▸ Assigned task:
Repeat the records verbatim and leave the pictures out of your copy.

(Beginning of Given data)

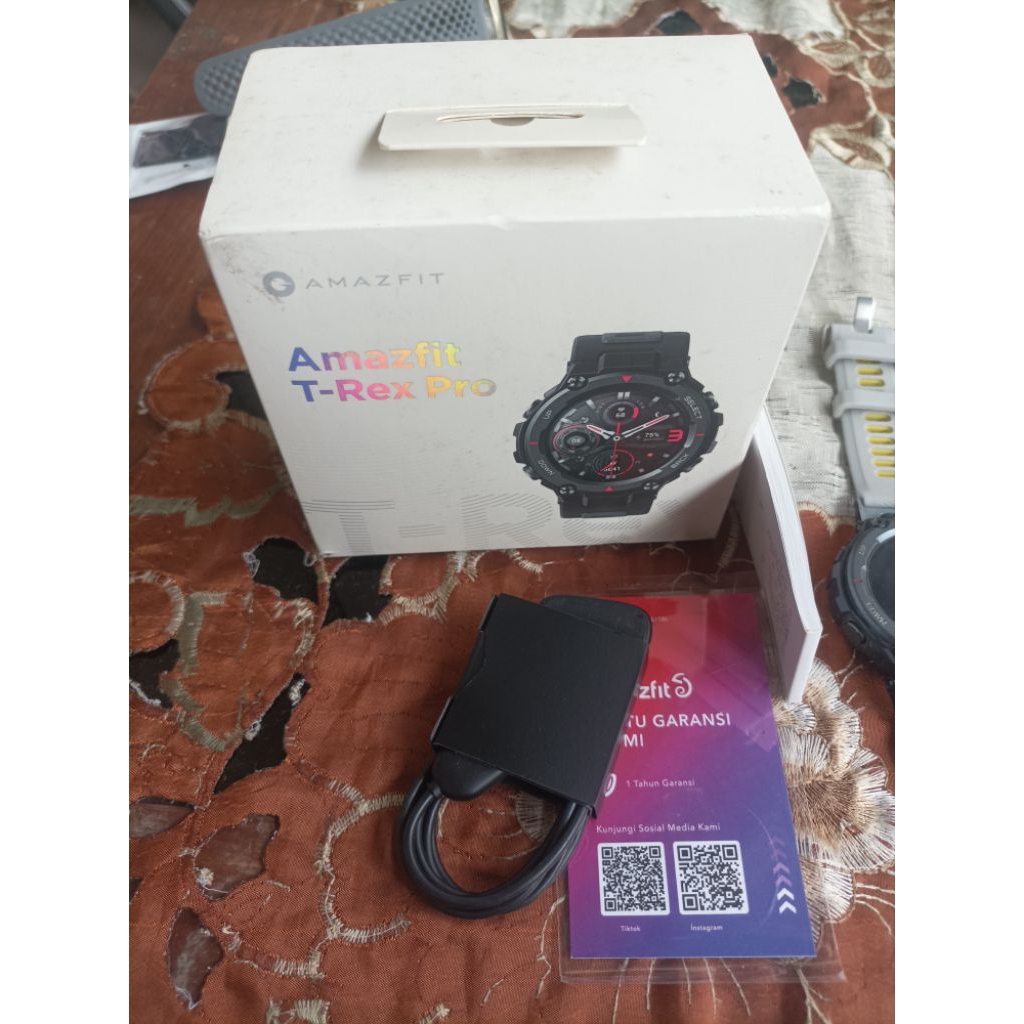 smartwatch amazfit T-rex pro trex pro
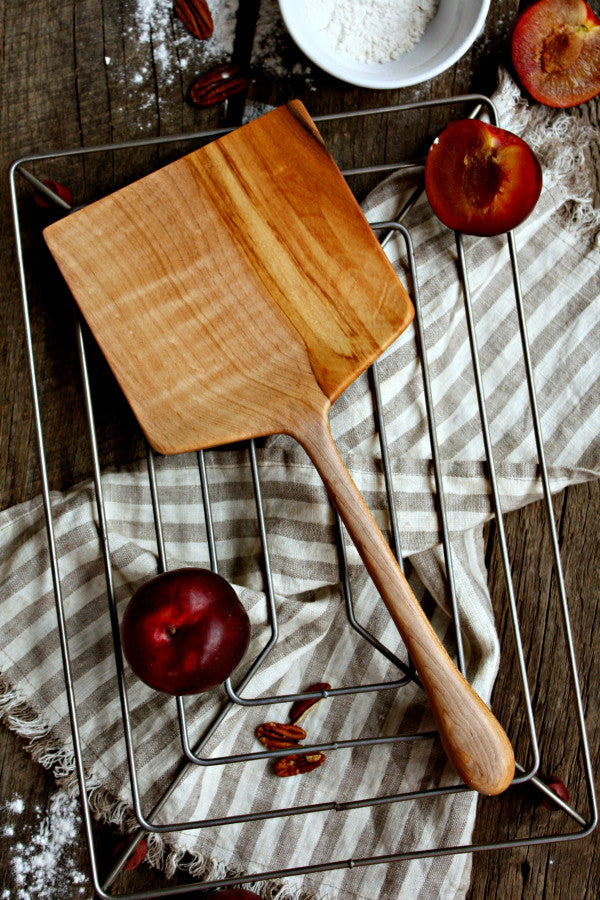 http://www.poldersoldworldmarket.com/cdn/shop/products/World_s_Best_Cookie_Spatula_Maple_1200x1200.jpg?v=1427477222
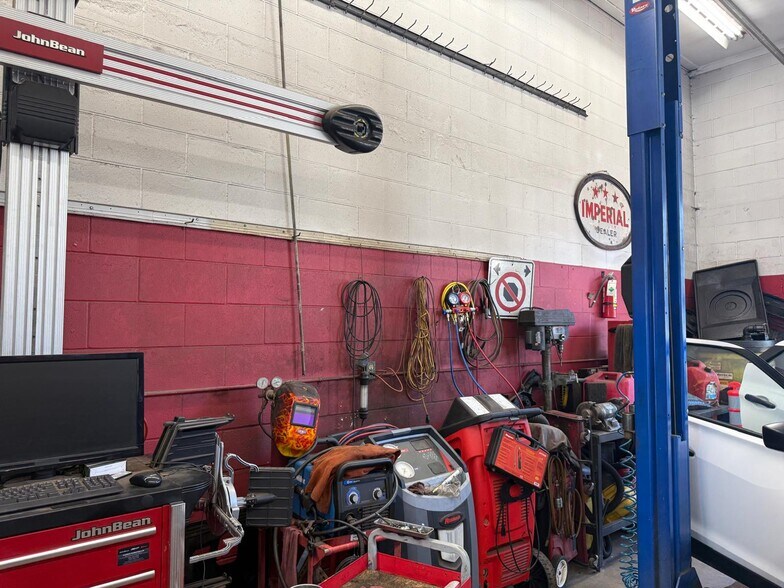 More Photos Of 22339 48 Av, Langley Auto Repair For Sale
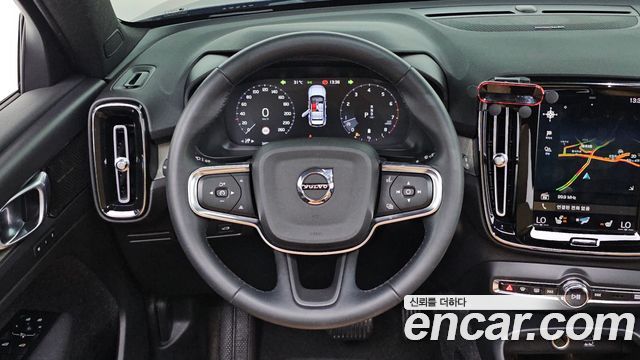 Volvo XC40 B4 Inscription 2022 — фото 13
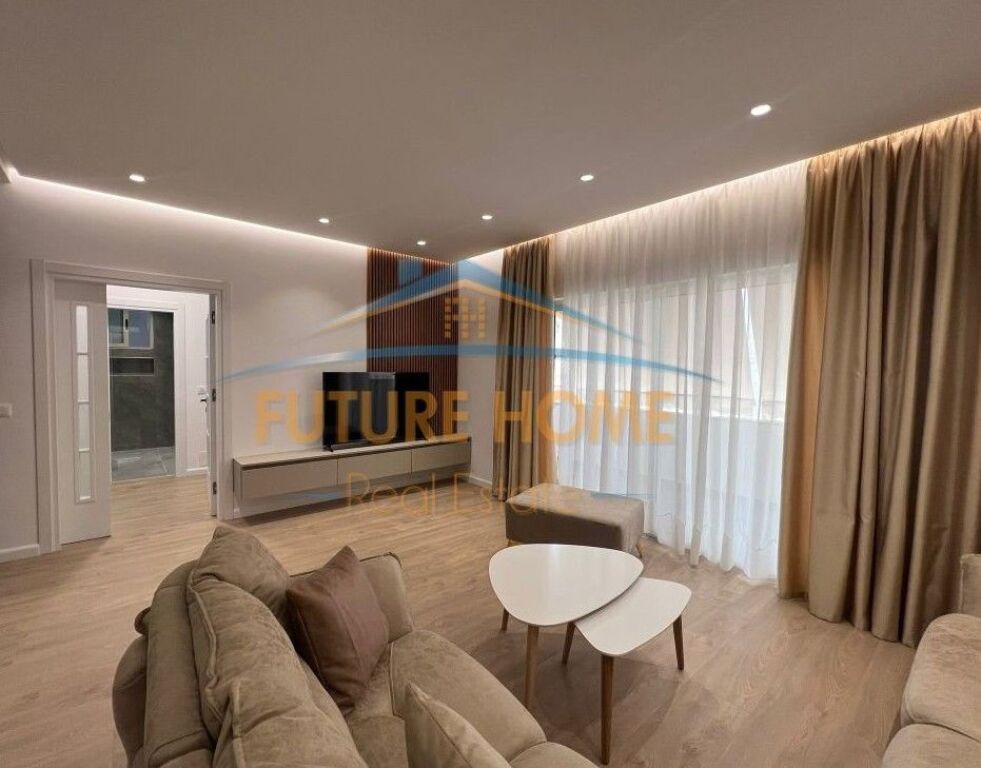 Qira, Apartament 2+1+2, Zogu i Zi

(End of Given data)

▸ Exercise output:
 smartwatch amazfit T-rex pro trex pro
 http://www.poldersoldworldmarket.com/cdn/shop/products/World_s_Best_Cookie_Spatula_Maple_1200x1200.jpg?v=1427477222
 More Photos Of 22339 48 Av, Langley Auto Repair For Sale
 Volvo XC40 B4 Inscription 2022 — фото 13
 Qira, Apartament 2+1+2, Zogu i Zi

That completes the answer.